We need to denormalize 2 million records from our MySQL database to ElasticSearch. Our devops guy setup ElasticSearch on AWS. I wrote a Clojure app that grabbed the data out of MySQL, aggregated it into the format we wanted, and then did a put to ElasticSearch. I set this up on our EC2 instance, the devops guy set the AWS roles correctly, then I started the app running. After 10 minutes I did this:
curl --verbose -d '{"query": { "match_all": {} }}' -H 'Content-Type: application/json' -X GET "https://search-samedayes01-ntt7r7b7sfhy3wu.us-east-1.es.amazonaws.com/facts-over-time/_search"
and I saw:
{"took":1,"timed_out":false,"_shards":{"total":5,"successful":5,"failed":0},"hits":{"total":14952,"max_score":1.0,"hits": [...
Awesome! It's working! I looked at some of the documents and they looked good.
Another 15 minutes goes by and I run the same query as above. Sad to say, I get the same result:
{"took":1,"timed_out":false,"_shards": {"total":5,"successful":5,"failed":0},"hits": {"total":14952,"max_score":1.0,"hits": [...
I was like, what? Why would it accept 14,952 records and then stop?
My Clojure function is set to throw an error if there are any problems;
(defn push-item-to-persistence
[item db]
(let [
denormalized-id (get-in item [:denormalized-id] :no-id)
item (assoc item :updated-at (temporal/current-time-as-datetime))
item (assoc item :permanent-holding-id-for-item-instances (java.util.UUID/randomUUID))
item (assoc item :instance-id-for-this-one-item (java.util.UUID/randomUUID))
item (assoc item :item-type :deduplication)
]
(if (= denormalized-id :no-id)
(slingshot/throw+ {
:type ::no-denormalized-id-in-push-item-into-database
:item item
})
(slingshot/try+
(esd/put db "facts-over-time" "deduplicaton" (str denormalized-id) item)
(println "We just put a document in ES.")
(catch Object o
(slingshot/throw+ {
:type ::push-item-to-persistence
:error o
:item item
:db db
}
))))))
If I look at the logs, there are no errors, and I keep seeing this line printed out:
We just put a document in ES.
Now it's been over an hour, and it seems we are still stuck at 14,952 documents.
What might have gone wrong? And why don't I see an error?

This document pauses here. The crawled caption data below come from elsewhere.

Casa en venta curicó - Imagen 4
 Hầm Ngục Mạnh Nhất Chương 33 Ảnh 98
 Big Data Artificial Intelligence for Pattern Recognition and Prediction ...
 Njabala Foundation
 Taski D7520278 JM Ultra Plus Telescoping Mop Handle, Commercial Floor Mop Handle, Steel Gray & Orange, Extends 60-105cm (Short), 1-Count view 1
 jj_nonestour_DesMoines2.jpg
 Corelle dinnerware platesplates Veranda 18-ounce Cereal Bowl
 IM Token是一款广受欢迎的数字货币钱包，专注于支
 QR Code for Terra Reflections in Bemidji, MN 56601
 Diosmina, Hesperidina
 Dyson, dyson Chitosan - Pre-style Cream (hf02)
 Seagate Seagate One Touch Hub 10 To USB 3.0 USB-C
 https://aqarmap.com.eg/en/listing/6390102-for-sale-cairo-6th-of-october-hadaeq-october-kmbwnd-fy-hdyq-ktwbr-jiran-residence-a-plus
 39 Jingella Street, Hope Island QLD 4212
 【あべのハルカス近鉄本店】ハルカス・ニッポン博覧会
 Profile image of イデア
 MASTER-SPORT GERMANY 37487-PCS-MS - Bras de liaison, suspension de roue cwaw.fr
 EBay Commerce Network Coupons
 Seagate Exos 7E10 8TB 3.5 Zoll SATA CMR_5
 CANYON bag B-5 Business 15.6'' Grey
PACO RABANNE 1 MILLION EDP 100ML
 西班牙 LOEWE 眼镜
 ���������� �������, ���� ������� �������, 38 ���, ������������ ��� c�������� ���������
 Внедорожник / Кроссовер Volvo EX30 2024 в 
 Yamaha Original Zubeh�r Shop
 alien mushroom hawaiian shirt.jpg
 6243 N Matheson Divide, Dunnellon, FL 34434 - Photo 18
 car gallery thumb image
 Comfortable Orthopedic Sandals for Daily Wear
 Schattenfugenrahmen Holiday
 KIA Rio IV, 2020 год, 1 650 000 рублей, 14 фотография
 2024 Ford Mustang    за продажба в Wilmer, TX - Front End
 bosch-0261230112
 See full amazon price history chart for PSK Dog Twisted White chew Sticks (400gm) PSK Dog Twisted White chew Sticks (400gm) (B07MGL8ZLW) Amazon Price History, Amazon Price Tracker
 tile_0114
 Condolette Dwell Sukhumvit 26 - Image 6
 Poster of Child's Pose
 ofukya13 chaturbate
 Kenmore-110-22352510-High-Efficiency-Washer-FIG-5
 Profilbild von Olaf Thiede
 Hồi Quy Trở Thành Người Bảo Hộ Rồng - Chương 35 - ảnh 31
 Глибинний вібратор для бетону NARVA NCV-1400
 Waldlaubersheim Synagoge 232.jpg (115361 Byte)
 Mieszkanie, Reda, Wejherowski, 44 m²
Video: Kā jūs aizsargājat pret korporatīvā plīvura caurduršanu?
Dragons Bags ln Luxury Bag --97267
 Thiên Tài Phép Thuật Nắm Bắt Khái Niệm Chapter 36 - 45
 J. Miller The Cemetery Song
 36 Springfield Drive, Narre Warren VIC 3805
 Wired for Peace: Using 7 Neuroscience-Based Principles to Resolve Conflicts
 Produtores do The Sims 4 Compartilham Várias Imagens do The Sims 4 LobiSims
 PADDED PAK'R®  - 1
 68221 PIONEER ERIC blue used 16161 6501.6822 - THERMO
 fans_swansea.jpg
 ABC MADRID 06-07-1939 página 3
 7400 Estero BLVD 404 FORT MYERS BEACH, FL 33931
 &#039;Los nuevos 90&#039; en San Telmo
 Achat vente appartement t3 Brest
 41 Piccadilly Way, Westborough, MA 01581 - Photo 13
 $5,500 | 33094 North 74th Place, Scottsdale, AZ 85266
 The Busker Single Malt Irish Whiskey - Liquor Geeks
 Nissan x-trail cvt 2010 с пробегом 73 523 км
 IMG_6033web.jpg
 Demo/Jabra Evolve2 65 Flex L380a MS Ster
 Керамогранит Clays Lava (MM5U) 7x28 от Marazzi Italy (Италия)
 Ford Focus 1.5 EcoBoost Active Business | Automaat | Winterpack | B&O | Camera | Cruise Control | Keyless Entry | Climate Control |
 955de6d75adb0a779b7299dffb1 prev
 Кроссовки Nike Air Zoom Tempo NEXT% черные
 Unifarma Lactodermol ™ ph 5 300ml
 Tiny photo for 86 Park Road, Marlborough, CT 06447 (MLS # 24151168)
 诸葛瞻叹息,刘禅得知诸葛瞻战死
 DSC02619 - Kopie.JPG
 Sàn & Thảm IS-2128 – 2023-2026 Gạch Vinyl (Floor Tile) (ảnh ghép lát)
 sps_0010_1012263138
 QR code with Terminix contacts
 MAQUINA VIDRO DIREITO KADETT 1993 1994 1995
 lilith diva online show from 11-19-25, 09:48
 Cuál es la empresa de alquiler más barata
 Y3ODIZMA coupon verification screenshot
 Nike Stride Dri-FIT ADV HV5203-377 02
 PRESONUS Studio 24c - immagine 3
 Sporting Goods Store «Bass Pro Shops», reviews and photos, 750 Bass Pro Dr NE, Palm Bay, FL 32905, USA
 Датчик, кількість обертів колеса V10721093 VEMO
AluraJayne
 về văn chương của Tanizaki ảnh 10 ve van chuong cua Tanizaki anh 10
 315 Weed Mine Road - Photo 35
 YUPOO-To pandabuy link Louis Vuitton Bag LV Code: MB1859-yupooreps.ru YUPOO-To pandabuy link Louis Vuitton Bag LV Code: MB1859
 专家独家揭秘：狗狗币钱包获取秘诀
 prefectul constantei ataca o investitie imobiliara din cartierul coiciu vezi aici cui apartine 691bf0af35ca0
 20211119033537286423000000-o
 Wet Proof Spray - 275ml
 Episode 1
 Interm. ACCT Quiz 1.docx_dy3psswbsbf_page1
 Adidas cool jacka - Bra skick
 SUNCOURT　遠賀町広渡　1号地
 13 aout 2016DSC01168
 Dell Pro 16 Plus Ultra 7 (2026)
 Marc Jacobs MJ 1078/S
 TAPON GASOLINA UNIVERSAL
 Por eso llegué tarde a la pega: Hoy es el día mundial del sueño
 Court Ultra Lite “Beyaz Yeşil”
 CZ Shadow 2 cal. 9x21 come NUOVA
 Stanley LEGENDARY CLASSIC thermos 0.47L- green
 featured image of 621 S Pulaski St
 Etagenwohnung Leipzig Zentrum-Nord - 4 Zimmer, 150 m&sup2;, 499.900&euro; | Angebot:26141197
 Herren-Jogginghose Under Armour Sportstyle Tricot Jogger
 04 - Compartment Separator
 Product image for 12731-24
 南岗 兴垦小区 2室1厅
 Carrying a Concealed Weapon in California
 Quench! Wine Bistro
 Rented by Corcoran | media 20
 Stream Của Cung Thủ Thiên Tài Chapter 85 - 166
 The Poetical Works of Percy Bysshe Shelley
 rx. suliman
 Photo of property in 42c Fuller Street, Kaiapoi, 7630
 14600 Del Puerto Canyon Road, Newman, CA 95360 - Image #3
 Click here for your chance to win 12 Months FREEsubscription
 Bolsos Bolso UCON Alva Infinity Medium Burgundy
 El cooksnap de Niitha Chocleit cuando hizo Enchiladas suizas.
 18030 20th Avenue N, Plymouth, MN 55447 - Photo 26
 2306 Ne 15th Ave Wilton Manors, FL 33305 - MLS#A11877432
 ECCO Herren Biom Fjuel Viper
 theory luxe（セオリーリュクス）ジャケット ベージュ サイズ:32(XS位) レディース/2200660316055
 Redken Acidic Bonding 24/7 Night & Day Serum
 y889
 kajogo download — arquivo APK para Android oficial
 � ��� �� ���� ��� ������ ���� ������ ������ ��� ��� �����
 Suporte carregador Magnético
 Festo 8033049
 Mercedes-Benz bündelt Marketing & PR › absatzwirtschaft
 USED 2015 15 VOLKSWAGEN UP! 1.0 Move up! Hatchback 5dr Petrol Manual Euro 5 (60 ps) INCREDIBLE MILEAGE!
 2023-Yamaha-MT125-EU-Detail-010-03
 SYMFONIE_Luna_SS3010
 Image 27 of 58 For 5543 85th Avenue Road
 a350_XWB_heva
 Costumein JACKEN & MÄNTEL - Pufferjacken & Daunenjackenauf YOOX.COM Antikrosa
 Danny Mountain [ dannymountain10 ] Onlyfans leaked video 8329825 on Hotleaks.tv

Using Elastisch as the library to connect Clojure to AWS ES.
Update
Okay, now at least I see these Exceptions. I'm not clear where they are being caught. Everywhere in my code I rethrow Exceptions because I want the app to die on the first Exception. These are being caught somewhere, possibly in the Elastish library that I'm using? Or I accidentally catch and log somewhere.
But that is a somewhat trivial question. More important:
The next question would be why I'm getting these Exceptions. Where do I adjust AWS ElasticSearch so it accepts our writes at a reasonable speed.
Oct 04, 2017 6:53:44 PM org.apache.http.impl.client.DefaultHttpClient tryConnect
INFO: I/O exception (java.net.SocketException) caught when connecting to {s}->https://search-samedayes01-ntsdht7sfhy3wu.us-east-1.es.amazonaws.com:443: Broken pipe (Write failed)
Oct 04, 2017 7:09:06 PM org.apache.http.impl.client.DefaultHttpClient tryConnect
INFO: Retrying connect to {s}->https://search-samedayes01-ntsdht7sfhy3wu.us-east-1.es.amazonaws.com:443
Oct 04, 2017 6:54:13 PM org.apache.http.impl.client.DefaultHttpClient tryConnect
INFO: I/O exception (java.net.SocketException) caught when connecting to {s}->https://search-samedayes01-ntsdht7sfhy3wu.us-east-1.es.amazonaws.com:443: Broken pipe (Write failed)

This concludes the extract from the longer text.